Provided by Suzy Chaves
Categories Seafood Appetizers
Number Of Ingredients 10
Steps:
- 1. In a large skillet saute onions in olive oil on med heat until translucent but not browned.
- 2. Add the shrimp and cook for 1 min. Stir.
- 3. Add the paprika, salt, bouillon cube, wine and Tabasco. Stir and Cook for 1 minute.
- 4. Make a slurry with 1/4 - 1/2 cup water and corn starch-(mix together in small cup until the cornstarch is dissolved). Stir into the shrimp.
- 5. Cook until the sauce thickens and the shrimp are pink. Taste the sauce and add more salt or Tabasco if desired.
- 6. Do not over cook or they will become chewy. Serve in deep side with crusty Bread on the side for dipping. Add more hot sauce or Tabasco, or even Jalapeno peppers, if you like it really hot
PORTUGUESE SHRIMP AND SAUSAGE SOUP
Make and share this Portuguese Shrimp and Sausage Soup recipe from Food.com.
Provided by Pixies Kitchen
Categories Easy
Time 6h10m
Yield 4 serving(s)
Number Of Ingredients 13
Steps:
- Place all ingredients in crock pot except for shrimp. Gently stir until well combined and vegetables are covered in cooking liquid. Cover and cook on low 6 to 9 hours until veggies are tender.
- Turn heat to high and add shrimp pushing them under the liquid. Cover and cook for an additional 15 minutes or until shrimp are cooked through. Garnish with cilantro.
PORTUGUESE GRILLED SHRIMP
Categories Garlic Shellfish Quick & Easy Grill/Barbecue
Yield 4-5 as first course
Number Of Ingredients 9
Steps:
- 1.Place shrimp in large heat resistant bowl, sprinkle with salt and lemon juice. 2.Place olive oil,hot pepper oil, and garlic in a small saucepan. Heat, over low-moderate setting for 5 minutes. Remove from heat and set aside for 10 minutes. 3.Add parsley and cilantro,pour over shrimp,cover bowl with plastic wrap and chill for 1 hour, tossing every 20 minutes. 4.Soak skewers in warm water for 30 minutes then place shrimp on skewers with tails curved around bodies,(4-5 per skewer). 5.Grill, over medium flame, 2-3 minutes on each side, until shrimp are orange and tail shells are slightly charred. Serve as explained in introduction.

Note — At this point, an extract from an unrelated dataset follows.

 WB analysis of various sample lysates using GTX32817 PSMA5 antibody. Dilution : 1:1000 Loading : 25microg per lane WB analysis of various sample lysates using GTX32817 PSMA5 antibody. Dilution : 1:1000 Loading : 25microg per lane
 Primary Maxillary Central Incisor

PORTUGUESE-STYLE SHRIMP IN GARLIC RECIPE - (3.8/5)
Provided by bns0607
Number Of Ingredients 6
Steps:
- Peel the shrimp and marinate them with the salt, parsley and lime juice for a few minutes. Meanwhile, mash or chop the garlic. Cover the bottom of a deep fry pan with olive oil and heat over medium high heat. Add the garlic and cook just until tender-about 1 minute-being careful not to burn it. Add the shrimp and cook, stirring constantly, for approximately 10 minutes or until cooked through. Serve with lots of French bread for dipping into the sauce.
Tips:
- Use fresh shrimp: Fresh shrimp have a sweeter, more delicate flavor than frozen shrimp. If you're using frozen shrimp, thaw them thoroughly before cooking.

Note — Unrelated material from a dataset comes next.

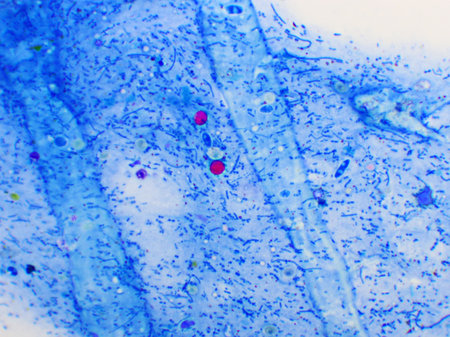 Cryptosporidium parvum protozoa positive (red sphere shape) in human stool smear, oocyst stage, acid-fast stain, analyze by microscope.の写真素材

- Clean the shrimp properly: Remove the heads, shells, and devein the shrimp. This will help to remove any grit or sand from the shrimp.
- Don't overcook the shrimp: Shrimp cook quickly, so it's important not to overcook them. Overcooked shrimp will be tough and rubbery.
- Use a variety of cooking methods: Shrimp can be cooked in a variety of ways, including boiling, steaming, grilling, frying, and sautéing. Experiment with different cooking methods to find the one you like best.
- Season the shrimp well: Shrimp has a mild flavor, so it's important to season it well. Use a variety of spices and herbs to create a flavorful dish.
- Serve the shrimp with a variety of dipping sauces: Shrimp can be served with a variety of dipping sauces, such as cocktail sauce, tartar sauce, or remoulade.
Conclusion:
Shrimp is a versatile and delicious seafood that can be cooked in a variety of ways. With its mild flavor and delicate texture, shrimp is a great choice for a variety of dishes, from appetizers to main courses. Whether you're looking for a quick and easy weeknight meal or a special occasion dish, shrimp is sure to please everyone at the table.